Saturday May 17, 2008
Editor's note: This is our first special report on women business owners. We've singled out female entrepreneurs to highlight their accomplishments, while underscoring some of the obstacles they've faced. Their compelling stories, we hope, can offer all entrepreneurs a road map to success.
ALEXANDRA LEBENTHAL'S role model was a Wall Street pioneer. As a young girl growing up in the 1960s, she often visited her grandmother, Sayra Fischer Lebenthal, at the family's municipal-bond firm in Lower Manhattan.
"The office was in the financial district, overlooking New York Harbor," recalls Lebenthal, who became president of the family's Lebenthal & Co. at 31 and now, at 42, is starting up a new retail-brokerage venture at Israel Discount Bank of New York. "I remember my grandmother sitting at this desk, with the Statue of Liberty behind her. That's pretty strong imagery for a 4-year-old girl to have."
And an unusual one. Many female business owners credit their hard-working fathers as sources of inspiration. But few can say they were exposed to successful female business leaders in their early years. Even today, many women proprietors lack female role models.

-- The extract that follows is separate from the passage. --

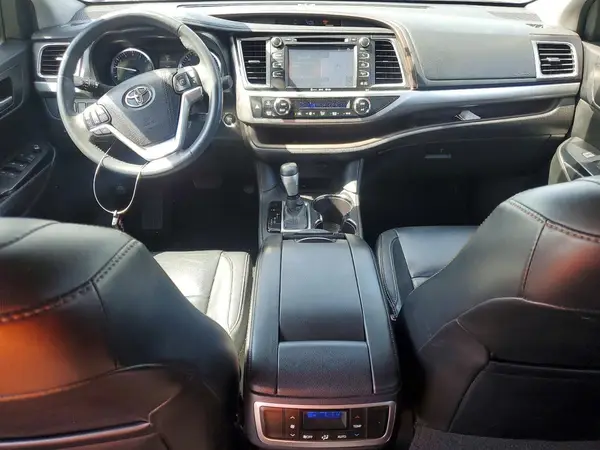 5TDKKRFHXGS126393 2016 TOYOTA HIGHLANDER - Image 8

While women start businesses at twice the rate of men, many find it difficult to grow their companies and tap into venture-capital networks. Less than 3% of women-owned businesses report $1 million or more in annual revenues, according to data from the Center for Women's Business Research. Some female entrepreneurs say they're also still dogged by a stereotype that they lack financial know-how, resulting in banks or investors hesitant to work with them.
Lebenthal says she didn't absorb her grandmother's trail-blazing efforts while growing up. But now, "when I think back on the experience, I think of the incredible significance that she had on me," she says. And she makes sure to have a physical reminder in her office: her grandmother's gigantic, semicircle desk made of cherry wood.
Lebenthal recently had the desk moved to her new offices, IBD's Alexandra & James unit. "When I was able to call storage and say 'Get me the desk!' it was a great moment," she says.